Deploying a Central Measurement Archive

Measurement results from your regular tests are stored in a measurement archive (MA). This leads to the definition of two categories of hosts:

  1. The measurement host that runs regular tests such as throughput, one-way latency, ping and traceroute measurements.

  2. The archive host that stores the results from the measurement host(s)

By default the perfSONAR Toolkit is both measurement host AND archive host. It comes installed with both the regular testing infrastructure and the measurement archive software. The measurement archive stores all the results from measurements defined in the regular testing configuration of the local host. In many cases, this is an adequate storage strategy.

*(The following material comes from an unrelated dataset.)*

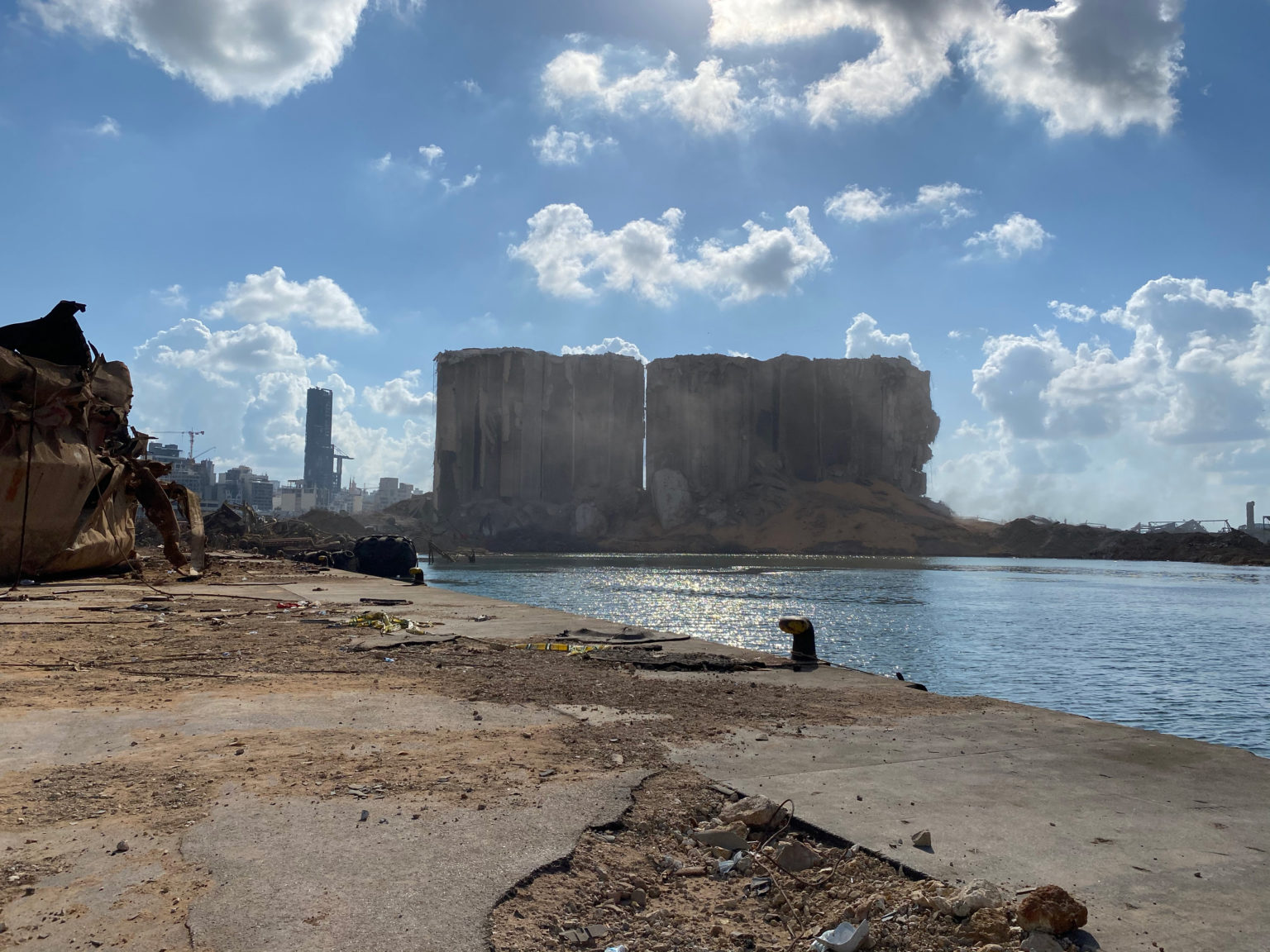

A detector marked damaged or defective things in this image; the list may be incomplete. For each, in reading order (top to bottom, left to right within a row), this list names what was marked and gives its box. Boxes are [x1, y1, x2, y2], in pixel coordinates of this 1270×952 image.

As an alternative, you may decide to separate your measurement hosts and archive host(s). This allows a single “centralized” archive host to store results from multiple measurement hosts. A few use cases where this may be desirable are as follows:

  • Your measurement hosts are on less powerful (and likely lower cost) hardware that you don’t want having the overhead of running the measurement archive. The measurement archive has higher hardware requirements than the measurement tools, so removing it can result in considerable resource savings.

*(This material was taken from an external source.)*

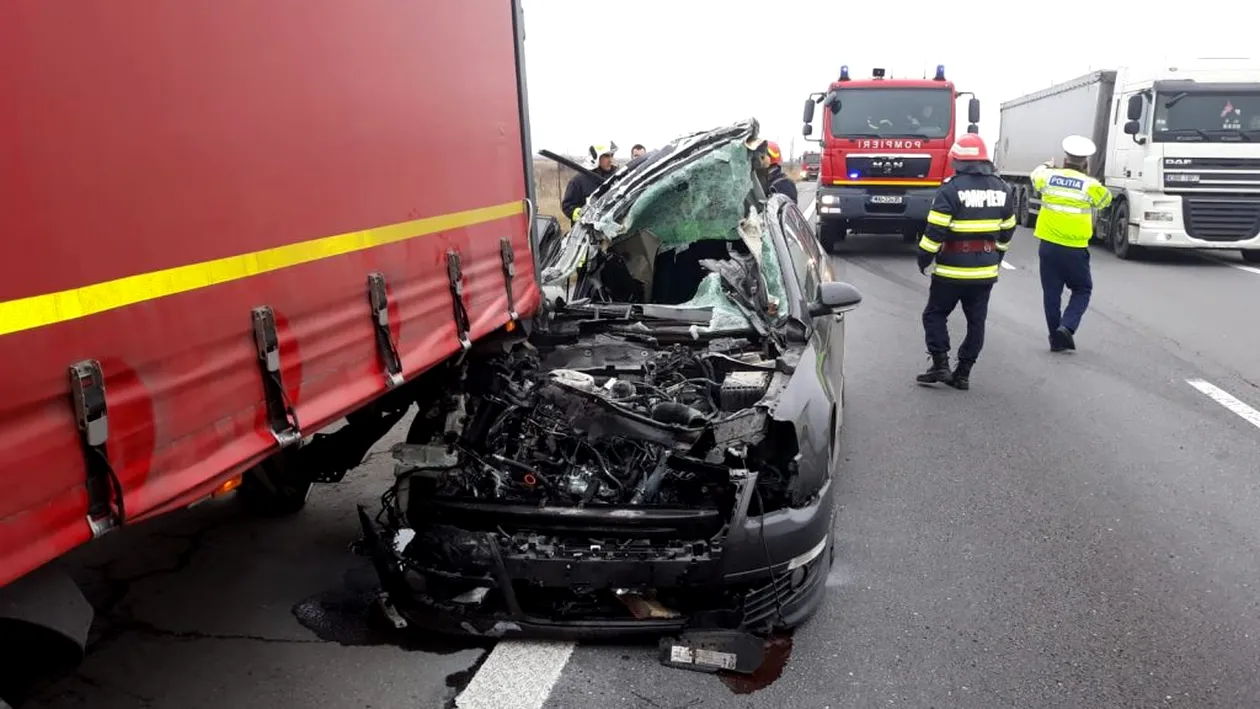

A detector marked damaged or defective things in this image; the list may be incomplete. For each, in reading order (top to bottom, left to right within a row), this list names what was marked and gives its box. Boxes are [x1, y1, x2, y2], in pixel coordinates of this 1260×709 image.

wrecked gray car [360, 119, 861, 639]
detached car part on road [360, 119, 861, 639]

  • Your site has the experience and the infrastructure to manage large databases that you would like to leverage for storing measurement results on a dedicated archive host.

  • You want to store results in multiple places. For example, you may store your results locally but also store them in a central archive where analysis tools operate on all the data from multiple hosts in one location.

Those are just a few examples. If you think a central measurement archive is right for your measurement strategy, then read the remainder of this document for instructions on how to configure both your archive host and measurement hosts.

Installing the Measurement Archive Software

The measurement archive is implemented using a software package named perfsonar-archive. You can install as a standalone package on any perfSONAR supported operating system with the following:

CentOS/RedHat::

yum install perfsonar-archive

Debian/Ubuntu::

apt-get install perfsonar-archive

Authenticating Measurement Hosts

Measurement hosts need to authenticate to the measurement archive when they register data. This is implemented using one of two methods:

  1. A username and password that is passed in the HTTP header of all requests.

  2. Using IP based authentication

The remainder of this section describes how to setup both type of accounts.

Note

You may have a combination of the above where some accounts authenticate based on IP address and others based on username/password.

Authenticating by Username and Password

The username and password is set in OpenSearch. You can create your own but an account is enabled with the minimum set of permissions needed to write to the perfSONAR indices. You can find the details in /etc/perfsonar/opensearch/logstash_login.

Authenticating by IP Address

This is done in the Apache proxy for Logstash. See the examples in /etc/httpd/conf.d/apache-logstash.conf.

Configuring Measurement Hosts

Each measurement host must be configured to register its data to the central archive. This is done by configuring the pSConfig pScheduler Agent to use the archive. Specifically, it configures the HTTP archiver plugin supported by pScheduler. The full set of options for the HTTP archiver plugin are detailed here. The exact approach depends largely on how you are reading your pSConfig template and which tasks you want to send to the central archive.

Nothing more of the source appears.